Back in June, as I entered the yoga studio in which my monthly 5Rhythms classes take place, the studio owner–also a yoga teacher–asked how I was doing.
“Well, to tell you the truth,” I said, “I feel uncharacteristically impatient. A bit on edge. Like I have all this unchecked rage bubbling inside of me.” I went on to explain that little things were easily irritating me, from traffic to aisle-blocking supermarket patrons to emo Facebook status updates. By nature these are all annoying things, but the problem was that they stayed with me, and I couldn’t brush them off. I could feel my heart beat faster, my chest tighten, my jaw clench any time I was faced with an obstacle.
The following is a loose transcript of the dialogue that followed:
“I don’t understand,” I said. “I do all the things you’re supposed to do to prevent these kind of feelings. I do yoga. I do 5Rhythms. I start my day with meditation and pranayama.”
“What kind of pranayama?”
“Hmm. What about ujayii?”
“No, never ujayii.”
“I think you should try ujayii to start your day. It’s a good, deep cleansing breath. Try some supported savasana, too.”
“Really, in the morning? And how can savasana be supported?”
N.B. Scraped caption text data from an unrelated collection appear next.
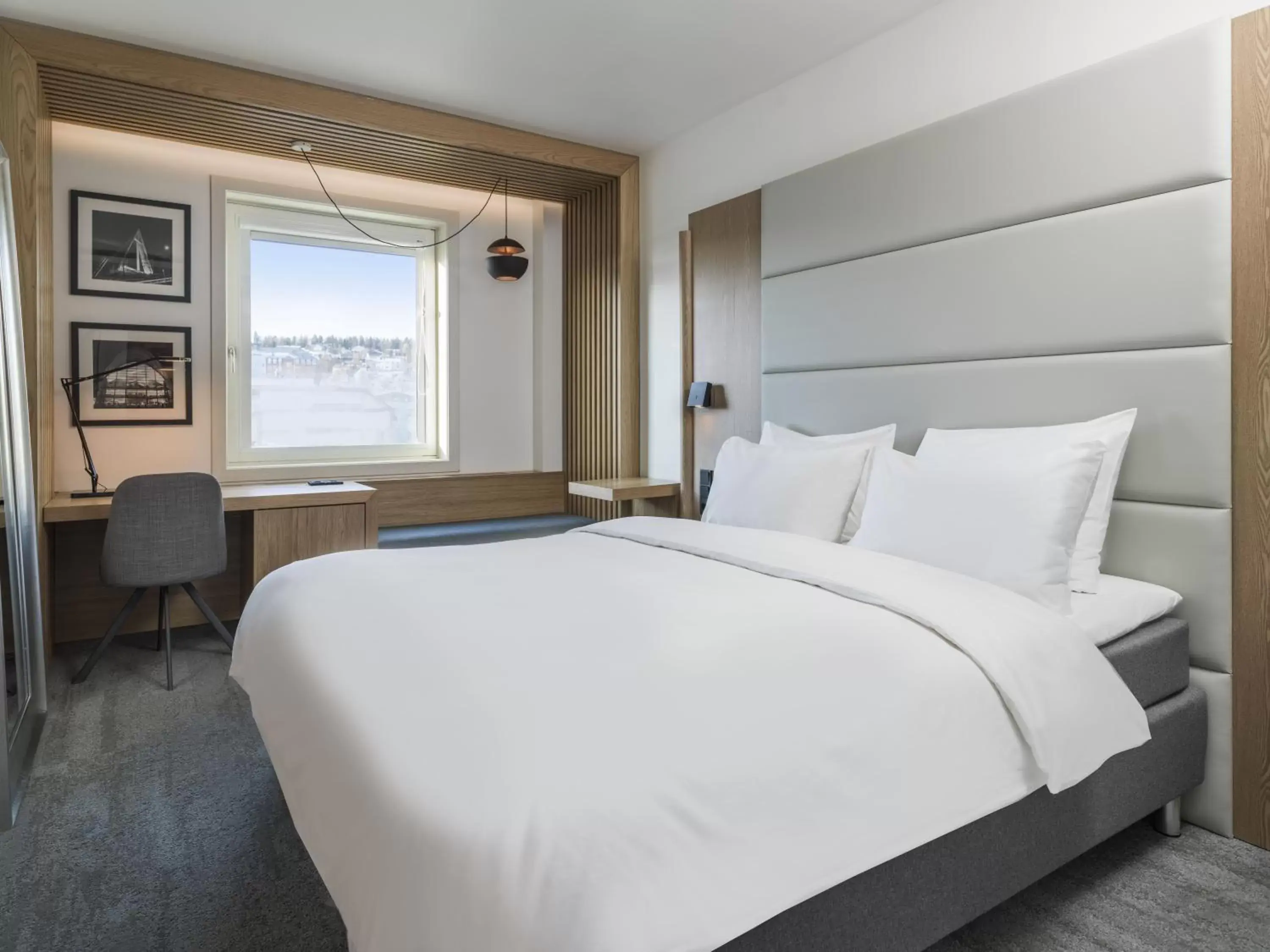Bed in Radisson Blu Hotel Tromsø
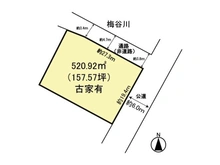 【京都府/京都市左京区修学院檜峠町】京都市左京区修学院檜峠町 土地 区画図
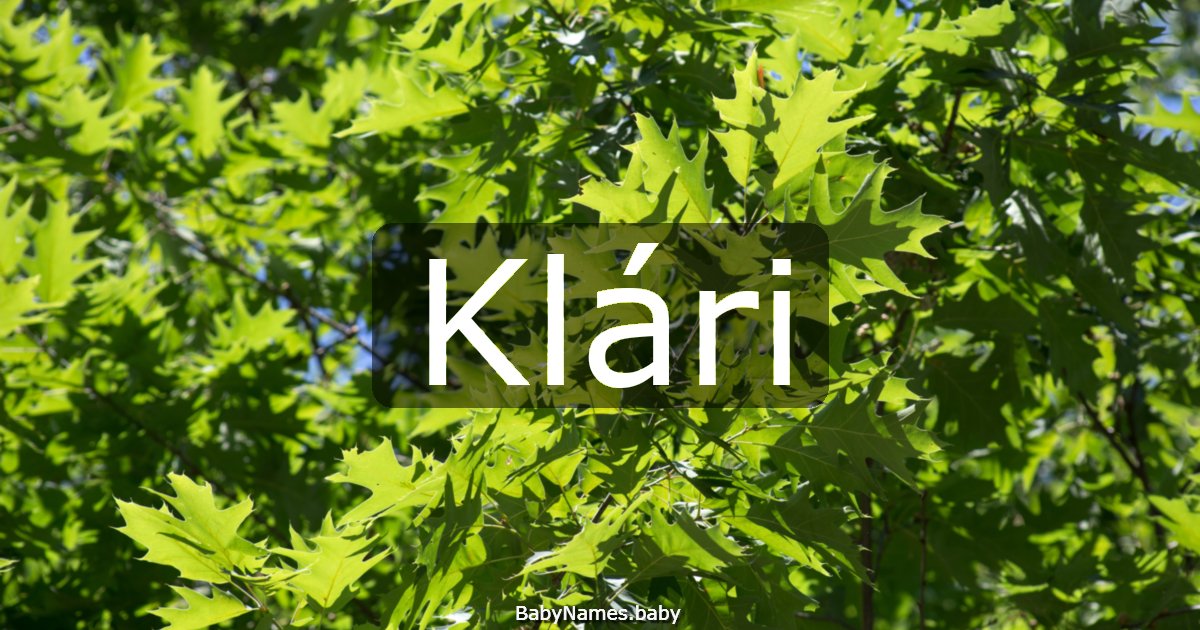 Klári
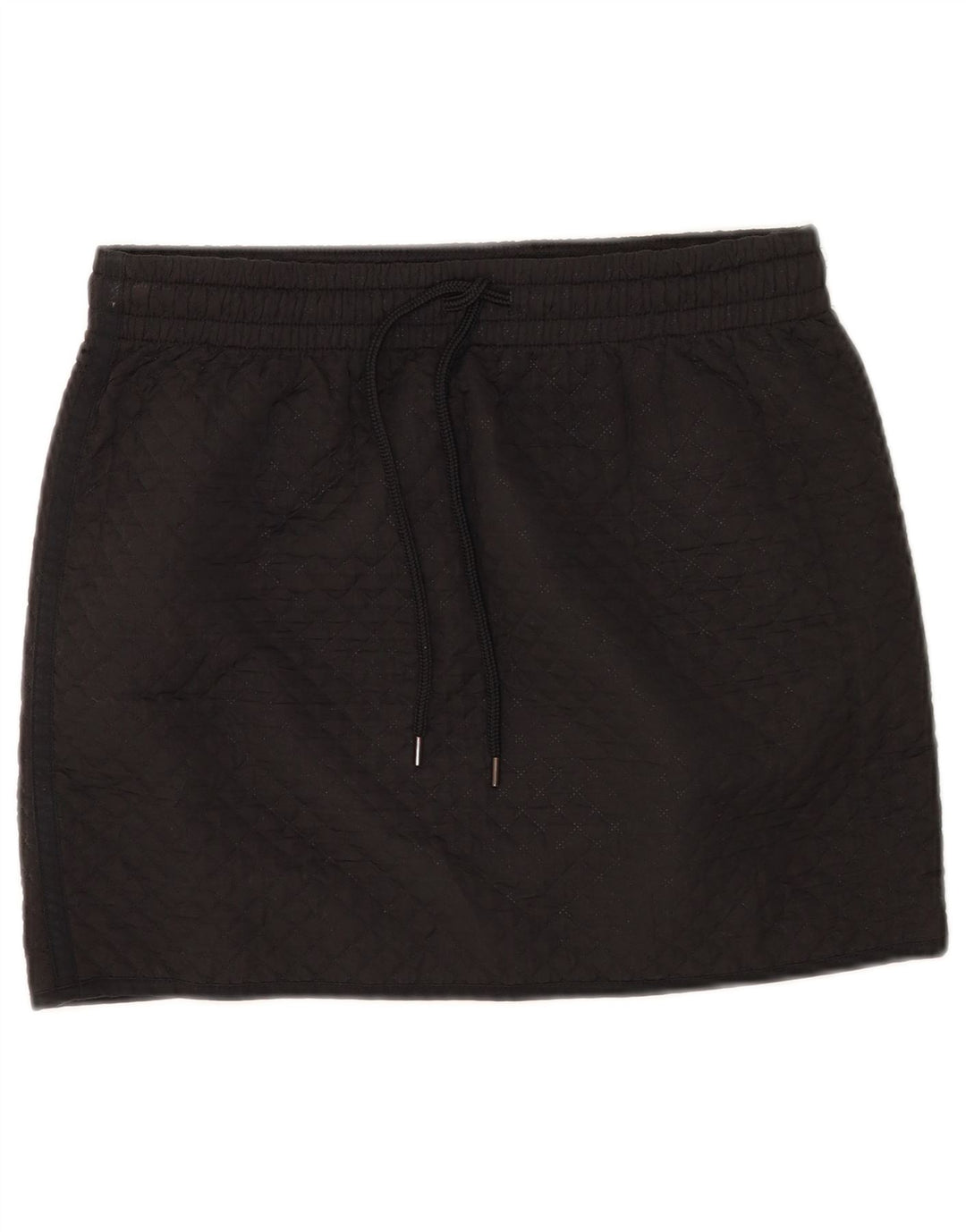 Benetton Dame Mini Nederdel W32 Stor Sort Polyester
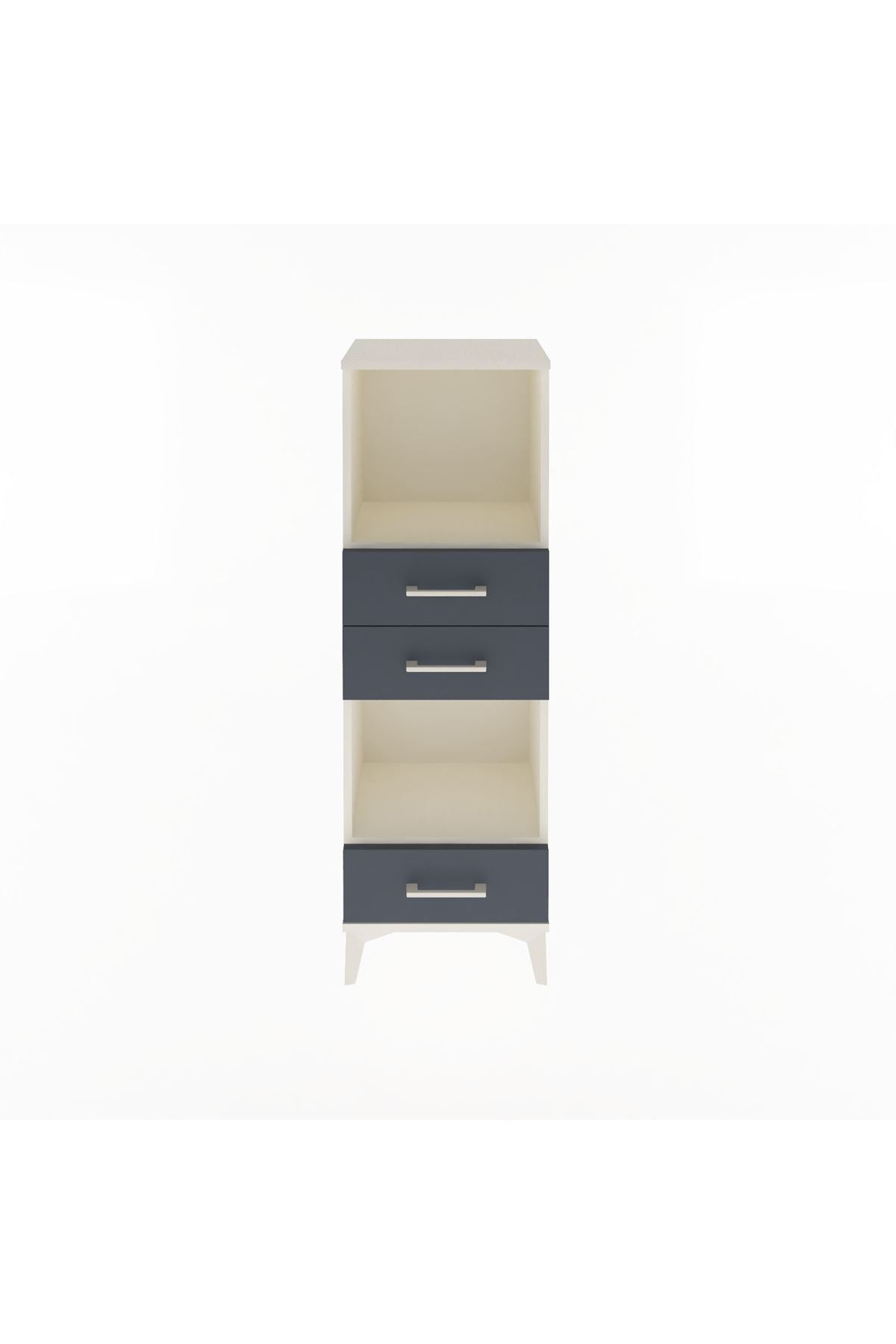 Arges Dolap 2 Raflı 3 Çekmeceli 44x30x134 - S16M051V2A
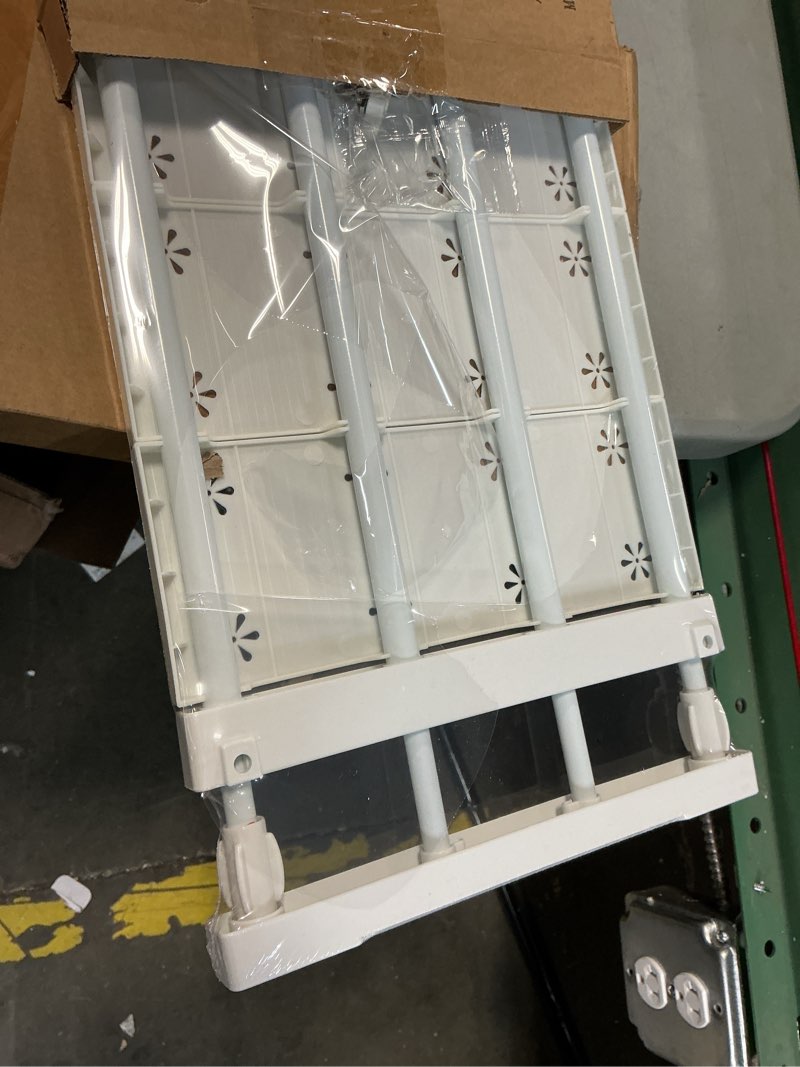 Condition photo showing As Is for Tension Shelf Closet Tension Adjustable Shelf Storage Rack Adjustable Space Saving Expandable Closet Organizer Dividers for Cabinet Wardrobe Cupboard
“Oh, yes. Prop your legs up on a chair so your shins are parallel to the floor. Supported savasana is incredibly relaxing. Also–may I ask–do you have compassion for yourself?”
“Um, yes. I think?”
“Perhaps you should try some metta meditation in the morning. Especially if you’re feeling angry toward others. Perhaps extending compassion toward others through metta will help.”
Although I haven’t gotten around to trying all of the teacher’s suggestions, I found the conversation utterly fascinating. Here we were, two women: me, describing my symptoms; her, offering guidance in the form of breathing, meditation, and yoga. What makes this even more interesting is the fact that this yoga teacher is also an RN; she could have easily offered more “medical” suggestions: therapy, pills, a psychiatric evaluation. But instead of tossing around words like “Valium” and “Cymbalta,” we discussed ujayii, savasana, and metta.
I am a firm believer in integrative medicine (using conventional treatments when warranted but integrating alternative therapies when appropriate). I am not opposed to taking 200 mg of ibuprofen when my hip acts up or when I have a pounding headache. However, the conversation reminded me about all the ways yoga and its individual components (asana, meditation, pranayama, compassion) can help with day-to-day ailments and complaints. For example:
When I am bloated…
…I do intestine-wringing twists like ardha matsyendrasana/supta matsyendrasana, or the classic “wind-relieving” pose, pavanamuktasana.
When I need some “regularity” in the morning…
…I do bhunaman vajrasana, the abdominal massage I learned during my YTT at Kripalu, after several classmates complained of “blockages” from too many beans and fiber-filled dinners. (Have a toilet on standby!) 🙂
When I’ve been on my feet all day…
…I prop my legs against the wall for a few minutes of viparita karani, to get the blood from my legs flowing back into my core.
When I feel my energy waning…
…I power up for a few rounds of kapalabhati pranayama.
When I feel like I need a boost of clarity or to clear a mental block…
…I rise into headstand or handstand and spend a few minutes directing my energies toward my brain.
The above are all very specific asanas/pranayamas for specific symptoms, and I think by now it’s common knowledge that a regular yoga practice in general can lower blood pressure, improve posture and balance, and calm the nervous system, to name a few whole-body benefits.
What pose/breathing practice/meditation do you do for your everyday ailments? I’m still trying to find one that eases my PMS of doom–other than an all-day savasana!